As I turned off the light in my classroom, ready to leave for the summer, my mind filled with thoughts about the school year – students I’ll miss and those who challenged me; projects, writing, books; current events that pulled us together. Finally, my mind jumped to next year. Yep, in May. “But next year I’ll…”

This is what we do, isn’t it, teachers? The classroom door isn’t even closed before our minds run off to what we can improve next year. We’re ready to change, revise, improve, throw things out; sometimes redo it all.

This summer started no different. My mind catalogued a million things I could tweak, add, and subtract to make next year better. This year, however, I made myself stop. Instead of focusing on all the little things I wanted to change (read: that went wrong), I decided to focus on what went right and build on that. It’s like when I help my struggling writers – having them revise all the issues in their writing would be overwhelming. Students would decide it’s too much too tackle and do nothing. If, however, I point out what is done well and get them to build on that, then there is hope, and students are willing to try. Over time, the writing will improve.

What Worked?

So I asked myself, “What went right this year, and how can I enhance that?” Let me tell you, teacher friends, when we take this approach, the joy comes back. We can focus on growing the good, instead of berating ourselves with the should-have’s and could-have’s.

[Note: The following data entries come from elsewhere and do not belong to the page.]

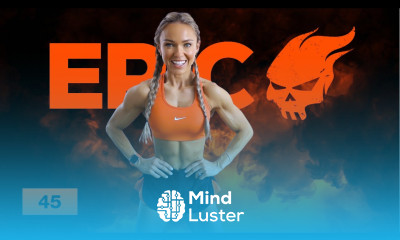 30 Minute EMOM Full Body Cardio HIIT Workout EPIC III Day 45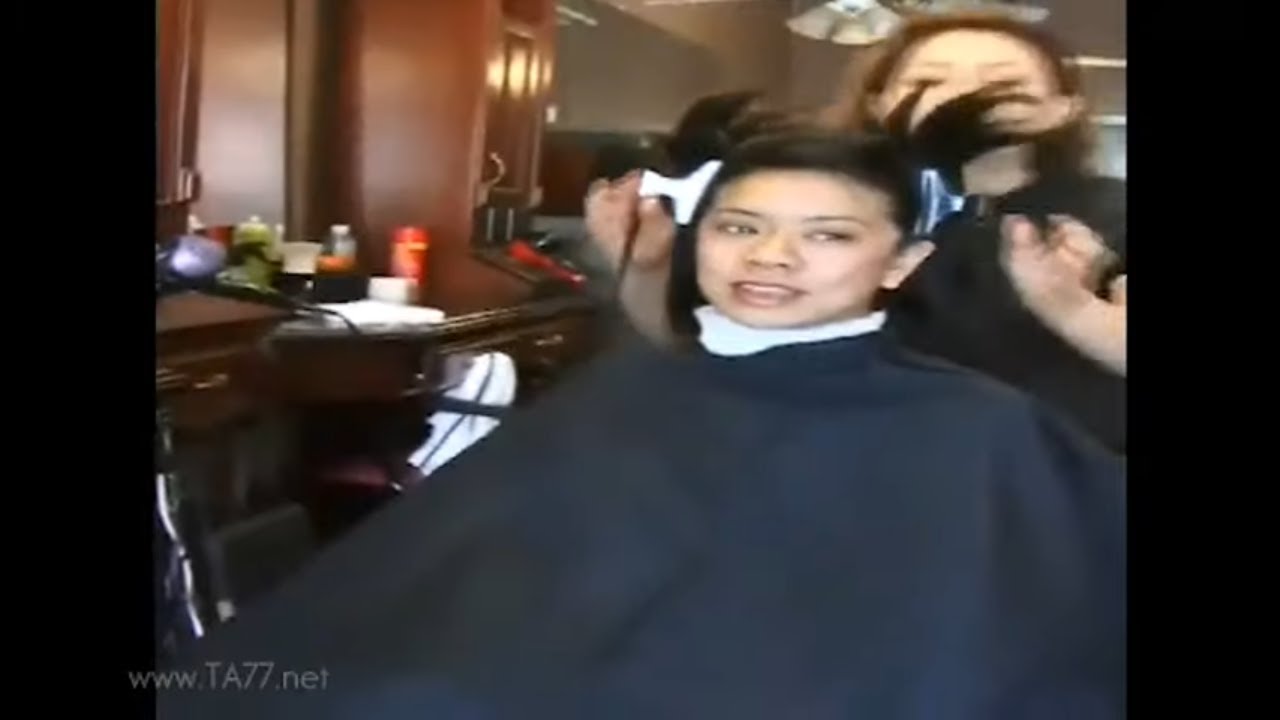 Chloe - Pt 1: One Length Bob Cut (TA77.net Mini)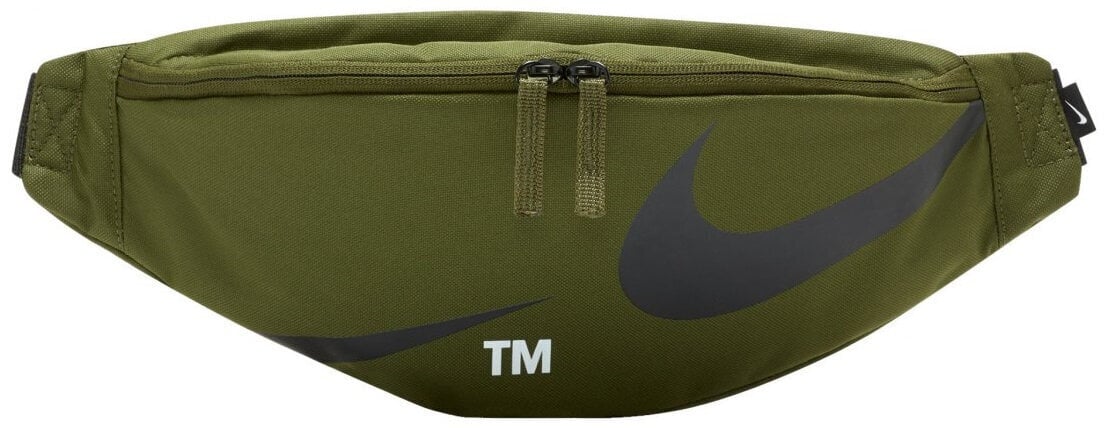 Nike Käsilaukku Vyötäröllä Heritage Waistpack Khaki hinta ja tiedot | Naisten laukut | hobbyhall.fi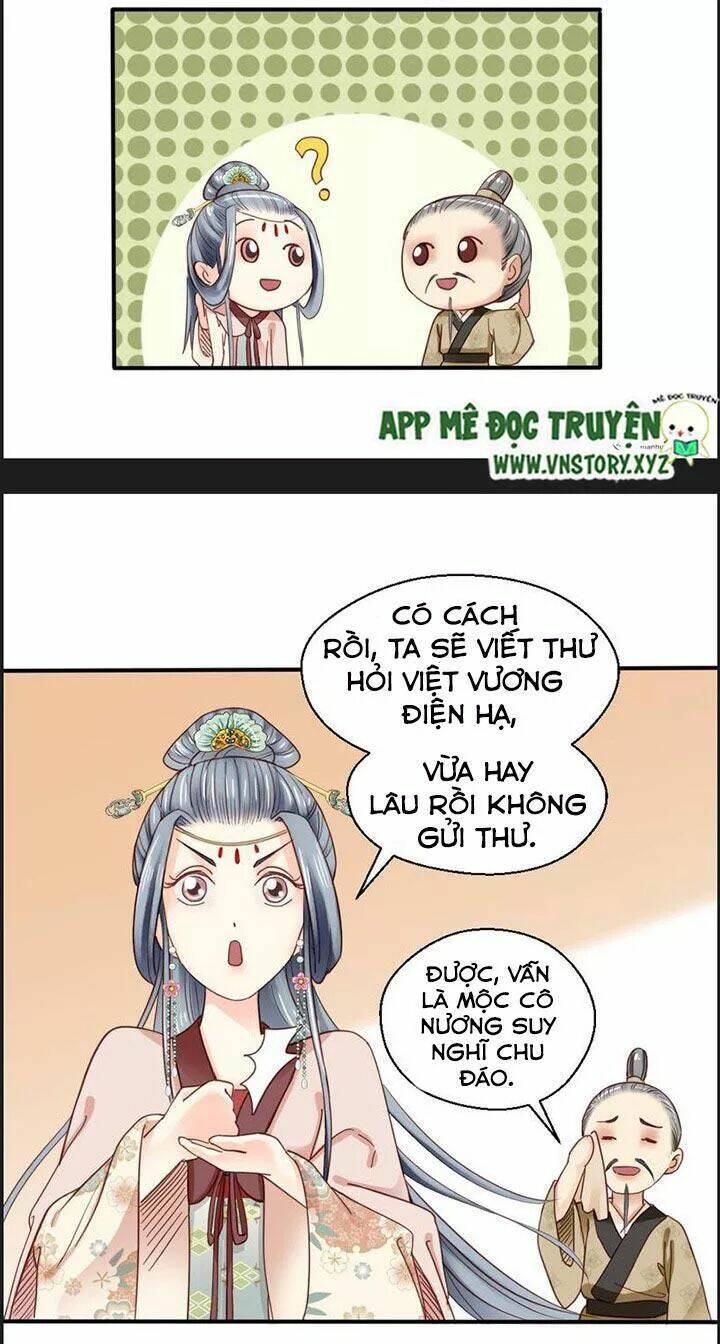 kiều nữ độc phi chapter 83 15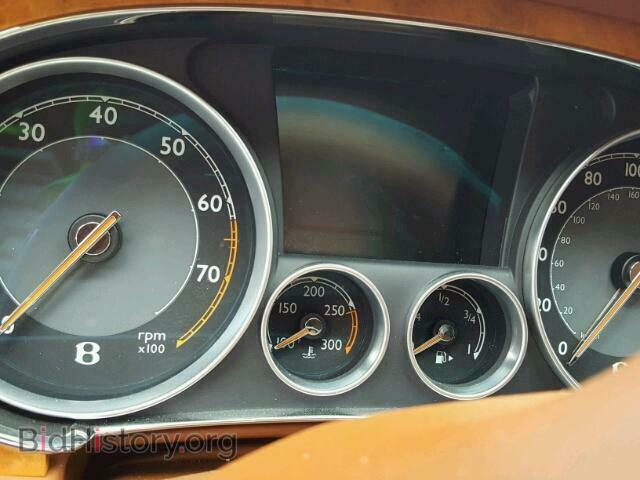 2012 BENTLEY ALL MODELS - VIN: SCBFR7ZA9CC073586 - Фото 8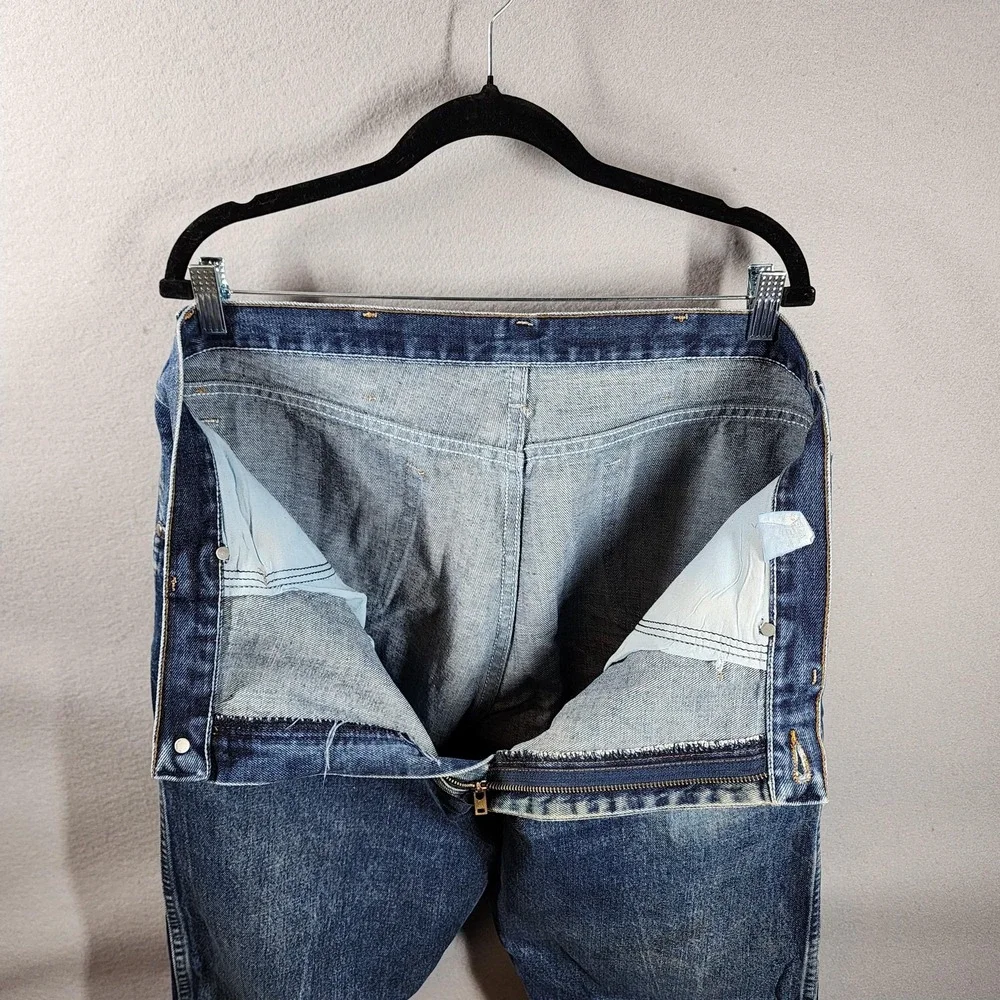Wrangler brand 20x
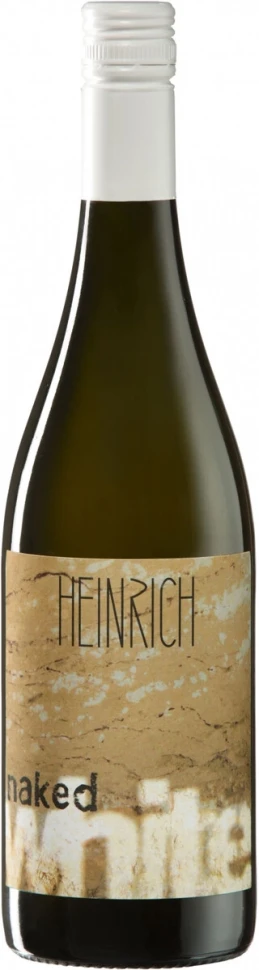 Вино Weingut Heinrich, "Naked" White, 2019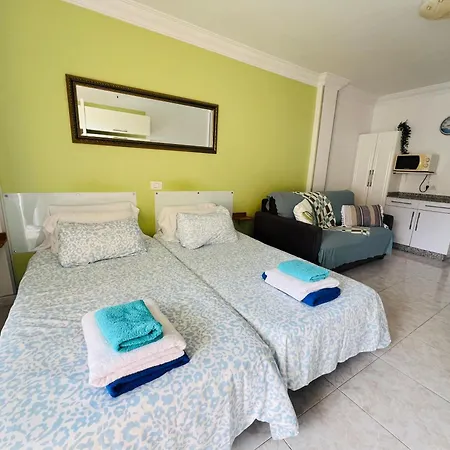 דירה Torres Del Sol 204, Cristianos - Playa De Vistas *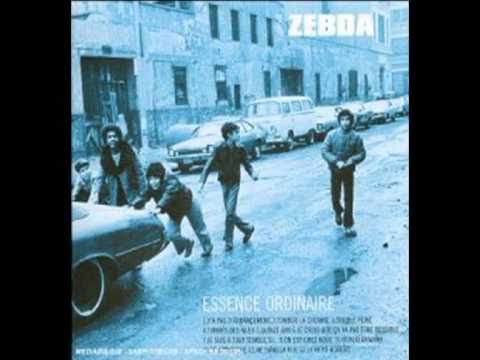 Текст песни Zebda - Je Suis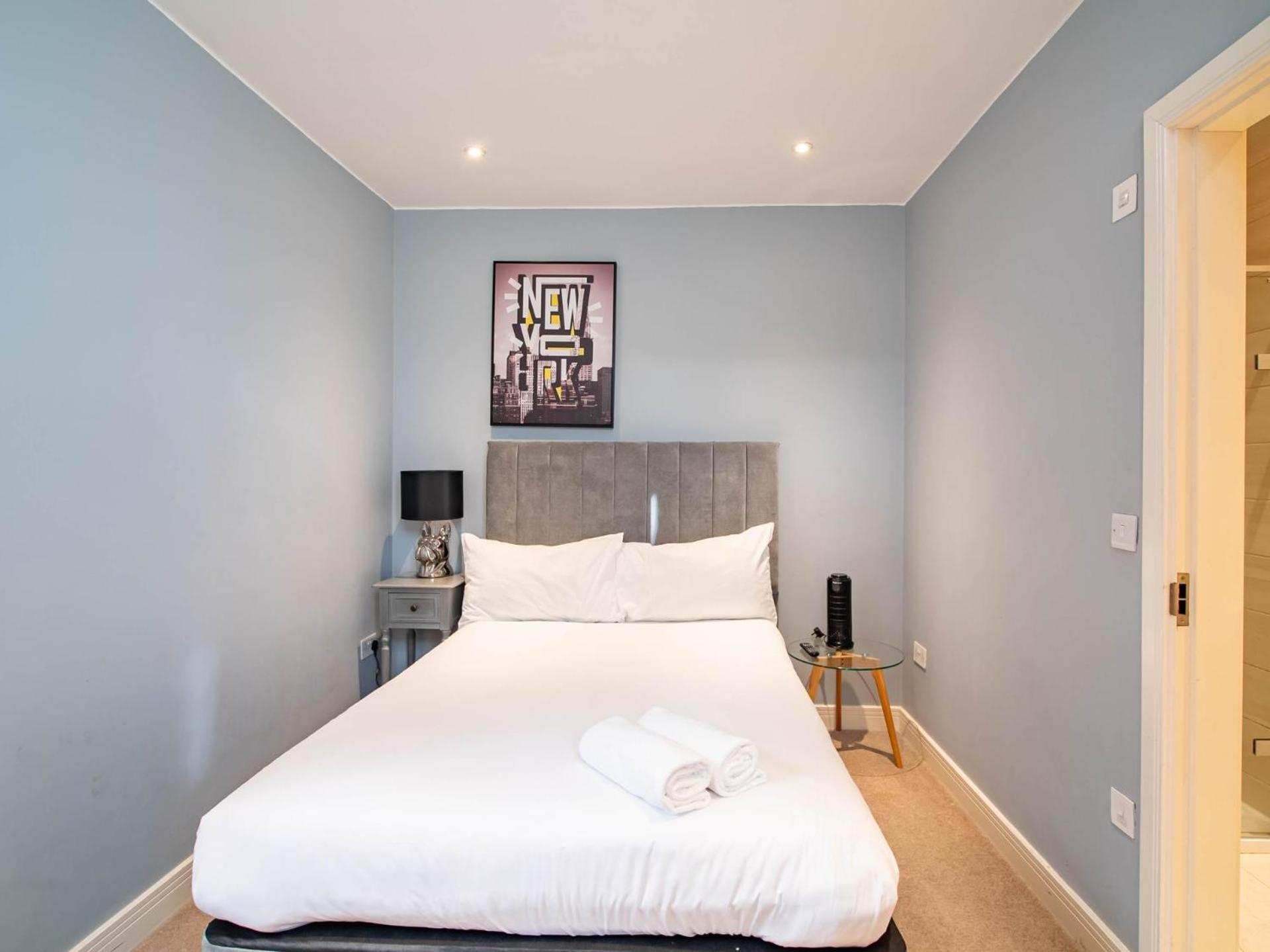 Apartment Peaceful Cozy Retreat In Sheffield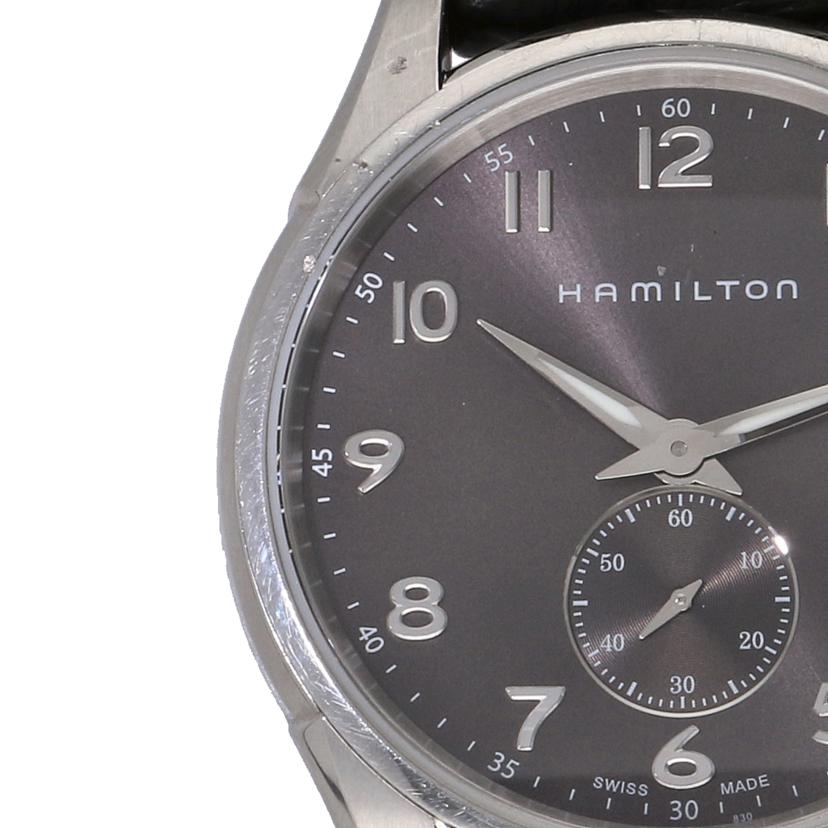 HAMILTON/ジャズマスターシンライン/メンズ/クォーツ/H384110//980****/Bランク/06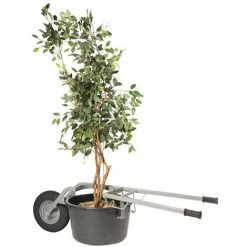 DIABLE MANUTENTION - MATISERE Brouette Pour Transport De Plantes - Roue Pneumatique - 13020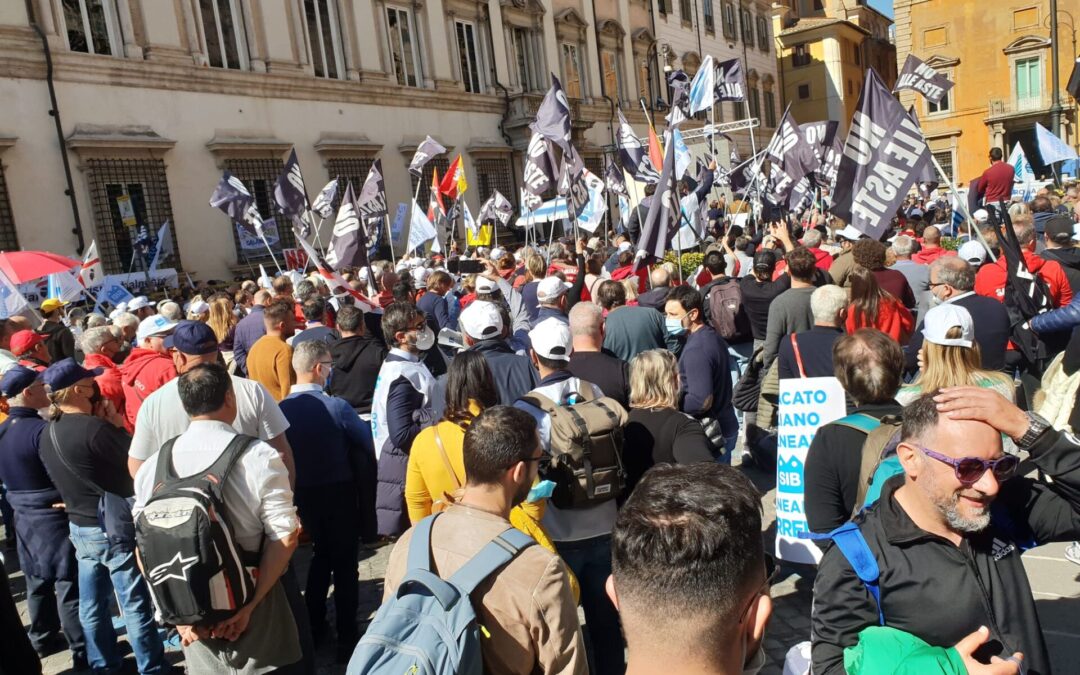 Balneari, manifestazione a Roma. Sib Confcommercio di nuovo in prima linea. Viale: “La norma può ancora essere migliorata”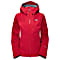 Mountain Equipment W RUPAL JACKET, Imperial Red - Crimson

Looking at my class through this lens, I was able to acknowledge that many of our classroom structures worked well: choice reading, Writer’s Notebooks, nonfiction study, personal choice writing. I stopped when I got to book groups. I smiled as I thought about the lively conversations around books and the close connections these groups formed as they talked to each other all year. Although it was a small part of our class (we met sporadically), it was focused, relevant, and genuinely engaging for almost every student.

 What Worked: Reading Groups  What Worked: Group Connections

What Can I Build On?

Suddenly, the strength I needed to build on hit me: the connections my students had with each other in book groups were so powerful last year. In what ways could I expand those connections into more areas in our classroom, and how could we begin building connections with others beyond our class room?

My first thought was the book groups themselves. Last year we started meeting late in October and only shared about books. This year, the plan is to start much earlier with a variety of purposes. In August and early September, students will meet in different groups – talking about books, articles and poems, photos, videos, current events, and some of their own writing.

When I feel we’re ready, I’ll create their long-term groups. Right now, I’m planning on mid to late September. I want a balance of personalities so that within each group, all members speak, listen and support each other.

While our in-class connections are growing through small group work, I also want to strengthen our class connection to the world, something I didn’t focus on last year. I see two entry points for this:

Last year, independent choice reading was strong in our classroom. Armed with my new Book Love Foundation classroom library, students found books they loved and read a lot. I don’t want to change that, but I do want to work this year to help kids step outside themselves sometimes. This year, I’ll book talk and model the idea of books as mirrors, windows and doors, a concept originated by Rudine Sims Bishop, Professor Emerita of Education at Ohio State University.

Many of my students focused on books as mirrors –they found characters and situations they personally connected with because they saw themselves reflected in the pages. This was great. I’m hoping to expand this by introducing and encouraging my students to also consider window books, so they can see worlds and characters who are completely different from them. I believe window books can help students connect to others because these books allow students to feel what it is like to be someone else. Finally, I want them to consider reading books that might be doors into possible futures. These books offer a glimpse of a life students might like to live, or they offer ways of thinking and acting that students had not previously considered. Window and door books both open us up to others’ experiences, which helps us to have empathy and to see connections that we didn’t know existed.

The other way I’d like to strengthen our connections to the world is through technology. We wrote a lot in our notebooks last year, and we also created several multimedia pieces, but we didn’t share beyond our classroom. This year I want to have students blogging (about books and as a way to share their own writing), so their voices can reach a more authentic audience.

We also used my class Twitter to connect with authors of popular books and to share what we were doing. This year I plan to expand by having students use their Twitter accounts to connect as a class and beyond. I want students to see the power of their own voices in the world. Beyond tweeting socially with friends, I want students to get involved in issues, causes, or organizations they believe in, and to connect with others who have similar interests. I have some models of younger students who Tweet (check out @thelivbits, a young, avid promoter of books and reading) that I plan to share.

It’s early August as I flip the lights back on. The shiny white board and freshly waxed floor hit me as I survey the room. There are books to reshelf, desks to move around, and boxes to unpack. But inside me, peace and confidence simmer under my typical August excitement. Instead of feeling frenzied about all the little things I need to change, I’m choosing to follow a road less traveled, to focus and build on last year’s strengths. I have a plan to build stronger connections in my readers and writers this year. And I hope that will make all the difference.